● HOW TO COMPLETE THIS TASK
Output, exactly as written, the lines below from the one that has "Автоматический выключатель EKF" through the one that has "Compact 2X Magnifying"; nothing else, and no pictures.

Collected data entries
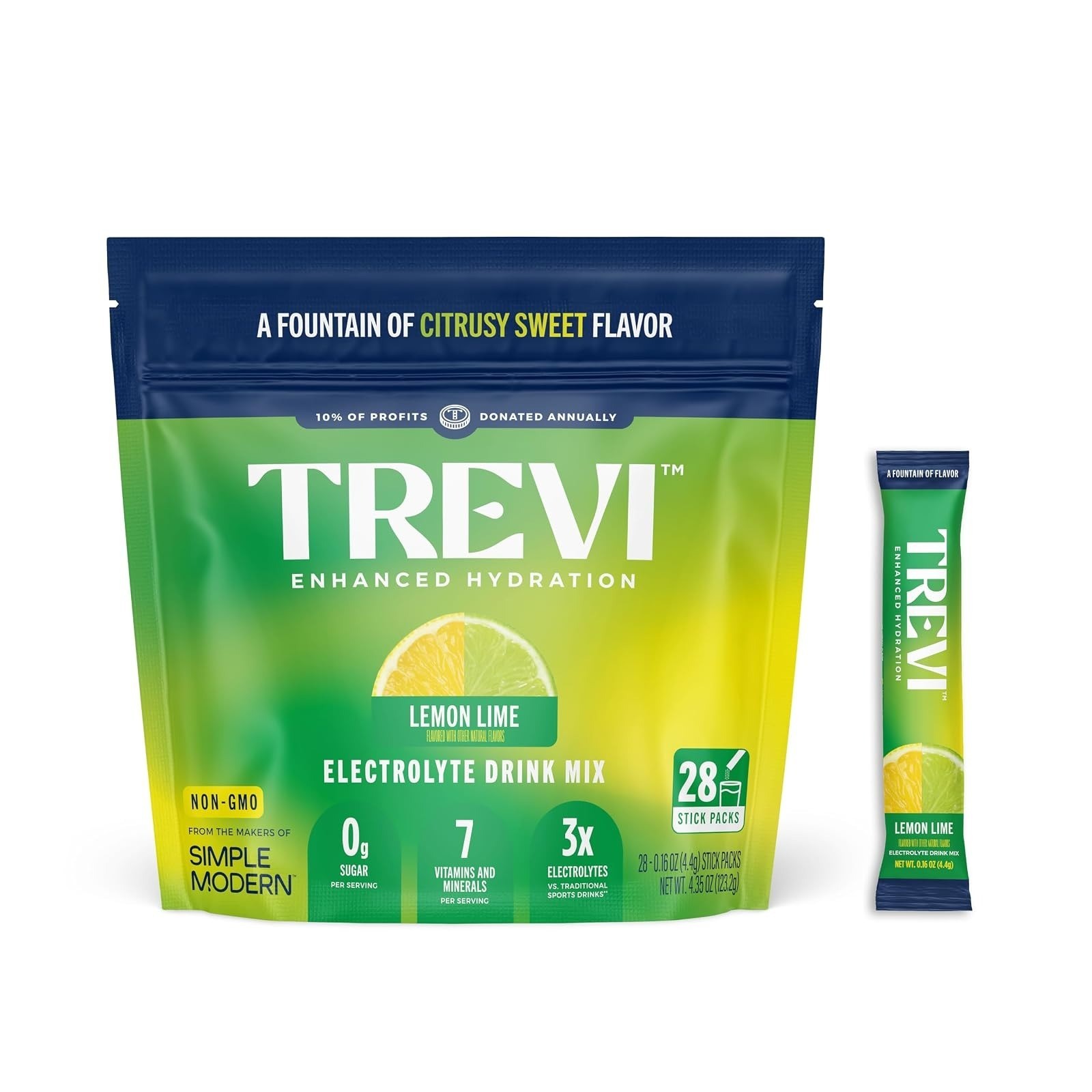 TREVI Electrolytes Powder Packets – Sugar Free Hydration – 20 Pack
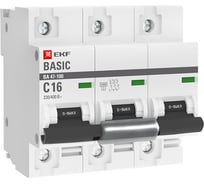 Автоматический выключатель EKF Basic ВА 47-100 3P, 16А, 10kA mcb47100-3-16C-bas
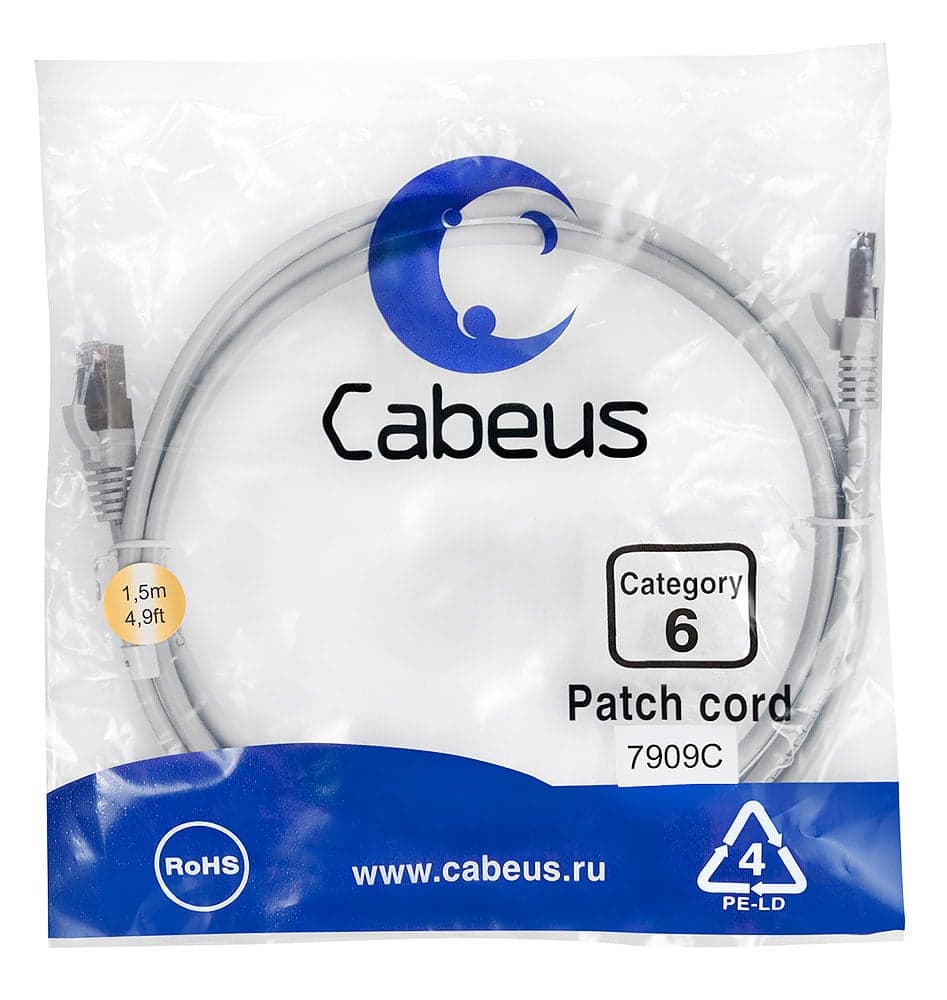 Cabeus PC-FTP-RJ45-Cat.6-1.5m-LSZH Патч-корд F/UTP, категория 6, 2xRJ45/8p8c, экранированный, серый, LSZH, 1.5м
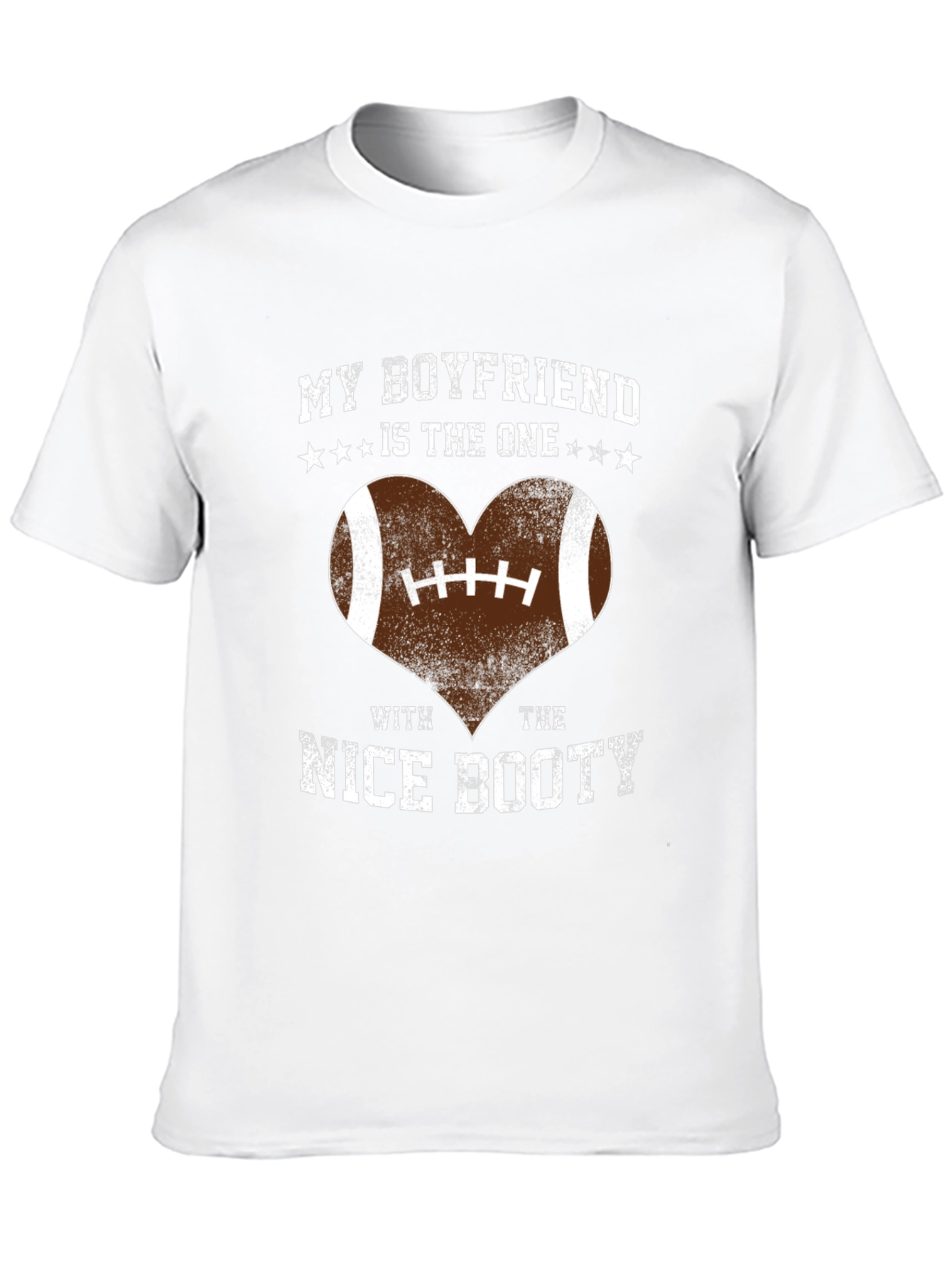 Black Boyfriend Nice Booty Football Heart T-Shirt view 10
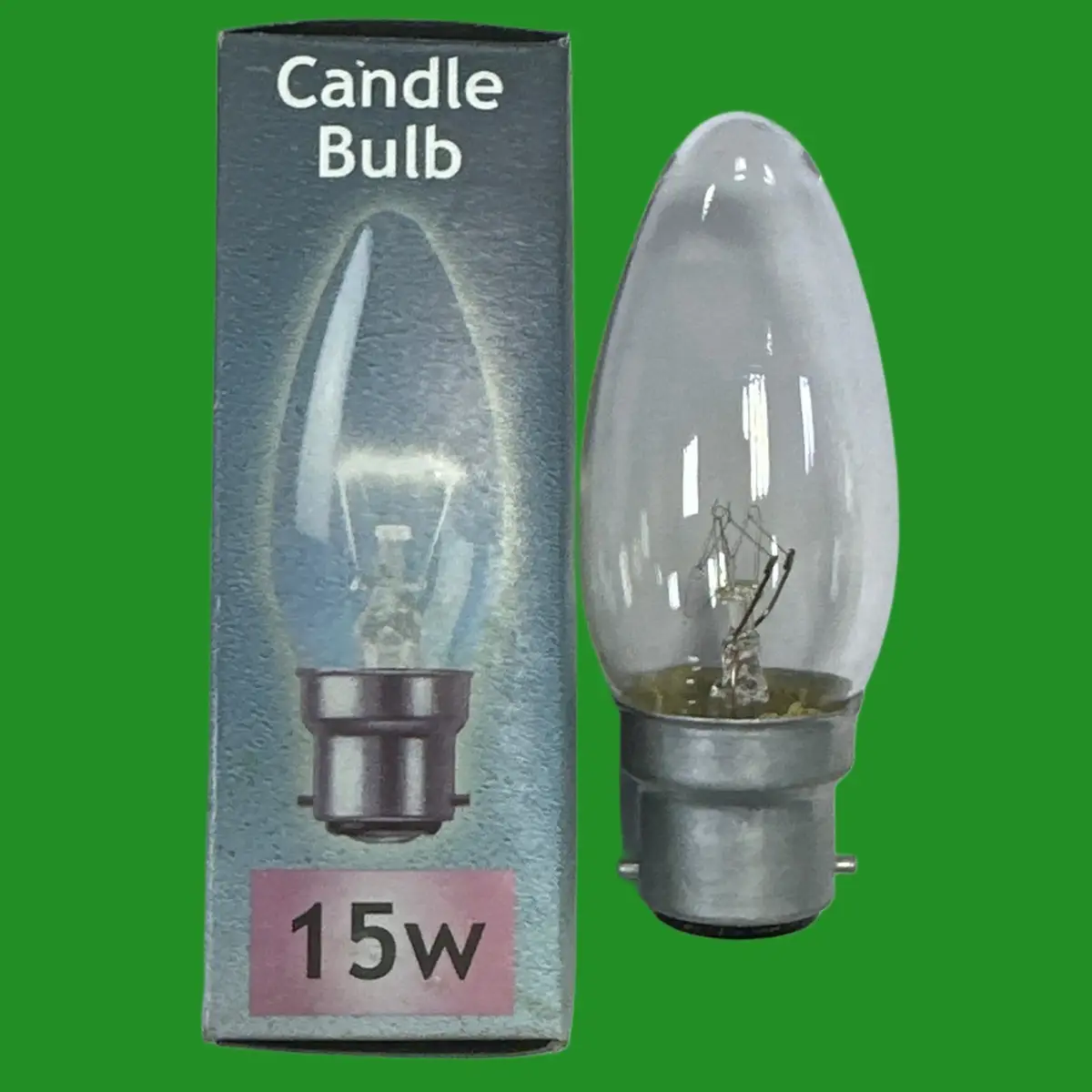 6x 15W Crompton Clear Candle Dimmable Filament Light Bulbs, B22, BC, Bayonet Cap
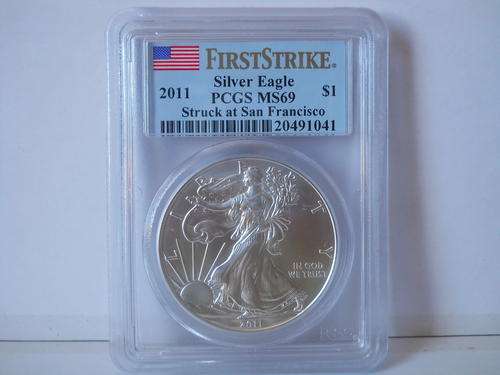 AMERICAN SILVER EAGLE 2011(SAN FRANCISCO MINT) MS69 FIRST STRIKE BY PCGS START @R1 FREE SHIPPING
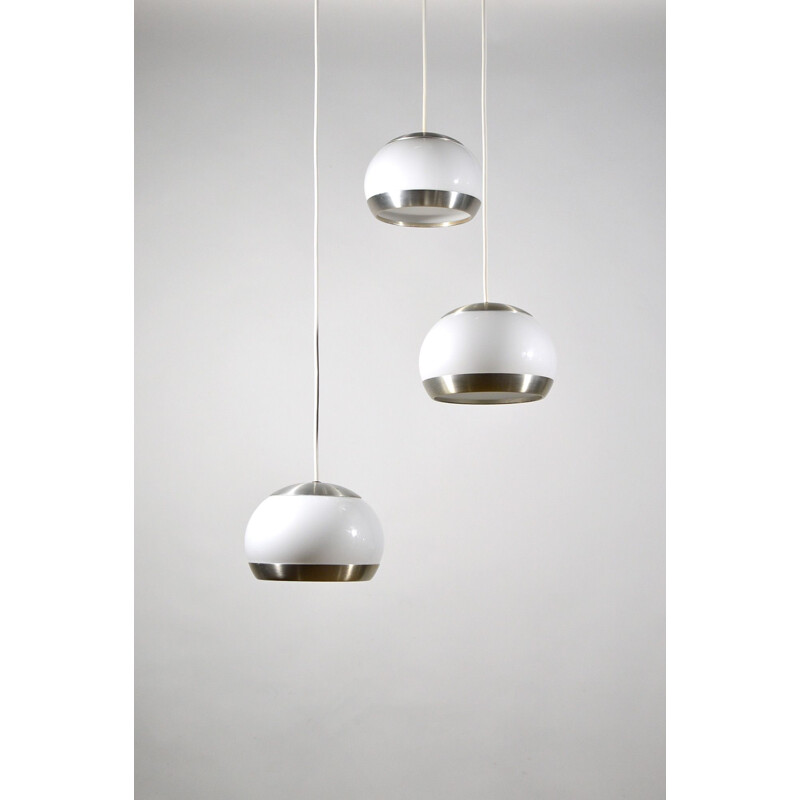 Vintage italian Stilux Milano pendant lamp in white perspex and aluminium 1960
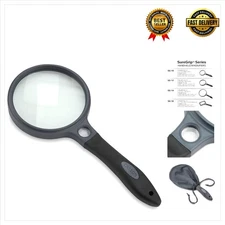 Compact 2X Magnifying Glass with 10X Detail Lens & Easy-Grip Handle - SG-10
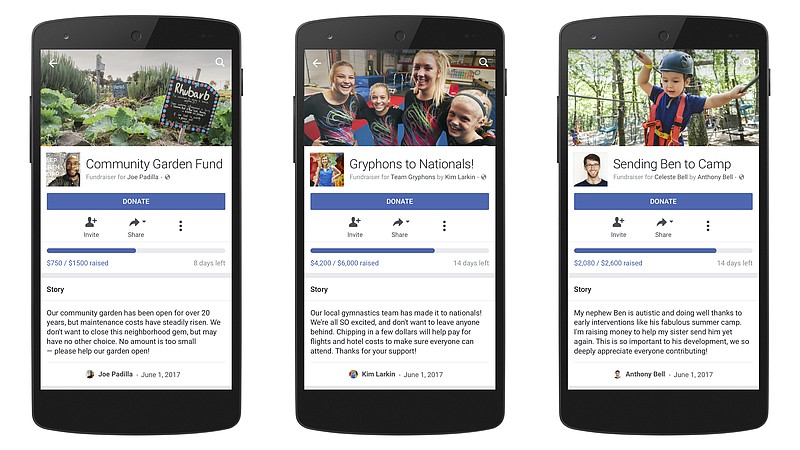 
              This photo provided by Facebook shows examples of fundraisers available on Facebook, displayed on a smartphone. Facebook is expanding its fundraising tools that let users ask friends and strangers to give them money to help pay for education, medical or other expenses. (Courtesy of Facebook via AP)
            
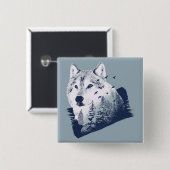 Badge Carré 5 Cm Wolf forestier (Devant & derrière)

● FINISHED EXERCISE
 Автоматический выключатель EKF Basic ВА 47-100 3P, 16А, 10kA mcb47100-3-16C-bas
 Cabeus PC-FTP-RJ45-Cat.6-1.5m-LSZH Патч-корд F/UTP, категория 6, 2xRJ45/8p8c, экранированный, серый, LSZH, 1.5м
 Black Boyfriend Nice Booty Football Heart T-Shirt view 10
 6x 15W Crompton Clear Candle Dimmable Filament Light Bulbs, B22, BC, Bayonet Cap
 AMERICAN SILVER EAGLE 2011(SAN FRANCISCO MINT) MS69 FIRST STRIKE BY PCGS START @R1 FREE SHIPPING
 Vintage italian Stilux Milano pendant lamp in white perspex and aluminium 1960
 Compact 2X Magnifying Glass with 10X Detail Lens & Easy-Grip Handle - SG-10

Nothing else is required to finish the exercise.